[Items listed in a dataset]
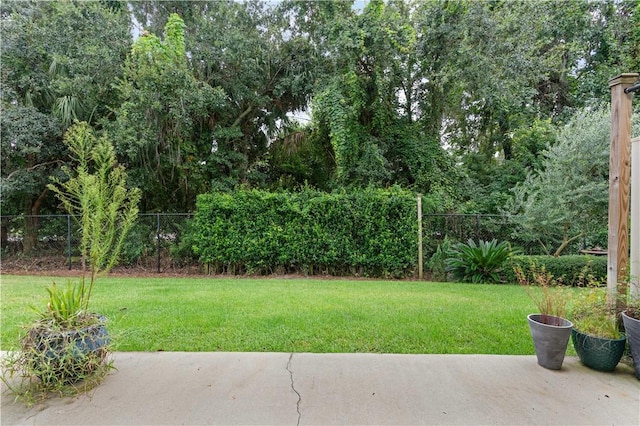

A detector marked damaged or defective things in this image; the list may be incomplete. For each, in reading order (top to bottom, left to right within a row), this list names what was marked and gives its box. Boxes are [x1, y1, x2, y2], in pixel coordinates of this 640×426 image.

cracked concrete [1, 352, 640, 424]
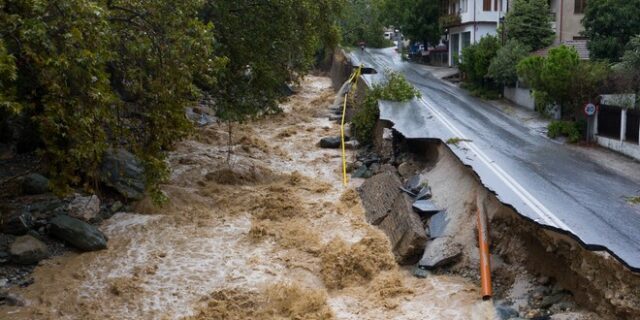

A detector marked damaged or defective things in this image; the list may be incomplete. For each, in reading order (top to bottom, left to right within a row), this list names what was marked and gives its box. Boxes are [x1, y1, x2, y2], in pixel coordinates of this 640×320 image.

damaged asphalt [350, 47, 640, 272]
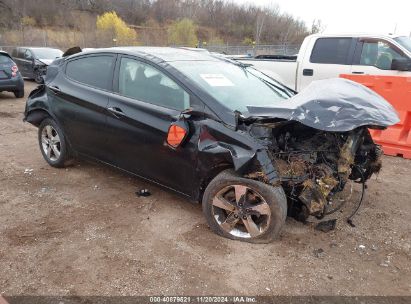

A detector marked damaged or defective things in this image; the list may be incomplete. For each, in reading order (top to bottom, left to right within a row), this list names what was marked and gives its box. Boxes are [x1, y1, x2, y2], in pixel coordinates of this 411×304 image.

damaged black sedan [23, 47, 400, 242]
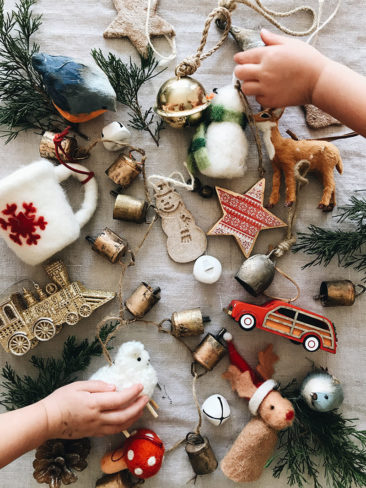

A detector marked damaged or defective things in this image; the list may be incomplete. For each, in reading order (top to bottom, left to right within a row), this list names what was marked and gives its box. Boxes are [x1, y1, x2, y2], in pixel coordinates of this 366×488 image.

rusty metal bell [236, 254, 276, 296]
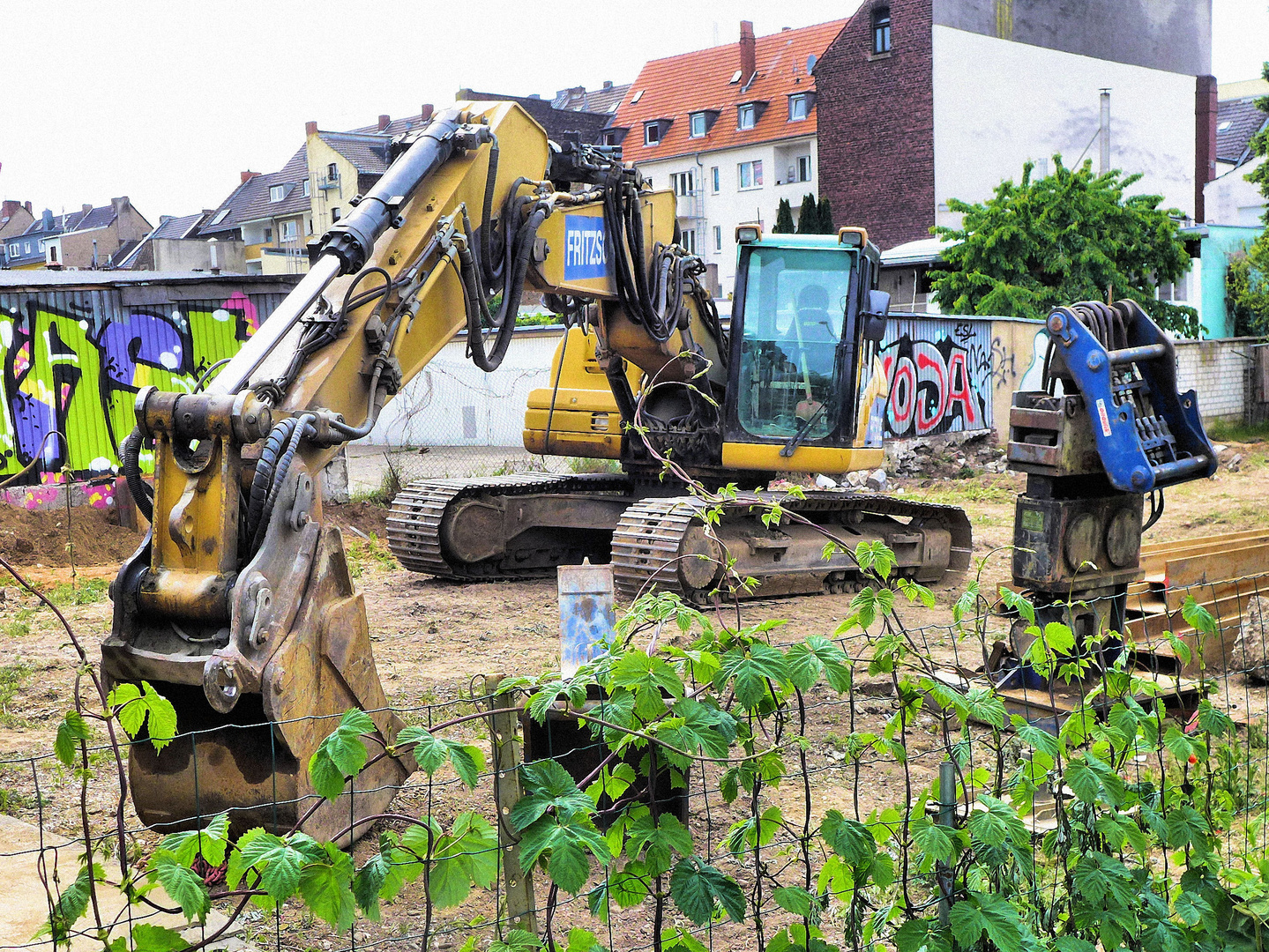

#### Work order:
Give again, word for word, only the lines from the line containing "this 411×304 image." through the last line above, both included; leave the pictures out.

#### Output below:
A detector marked damaged or defective things in this image; the list may be incomplete. For each, in reading order (top to bottom, left to right within a row), this list names what was marked and gives its box. Boxes are [x1, y1, x2, y2], in pixel coordinates of this 411×304 image.

damaged black sedan [23, 47, 400, 242]

A detector marked damaged or defective things in this image; the list may be incomplete. For each, in reading order (top to bottom, left to right within a row), this list names what was marked and gives its box. Boxes are [x1, y1, x2, y2], in pixel coordinates of this 366×488 image.

rusty metal bell [236, 254, 276, 296]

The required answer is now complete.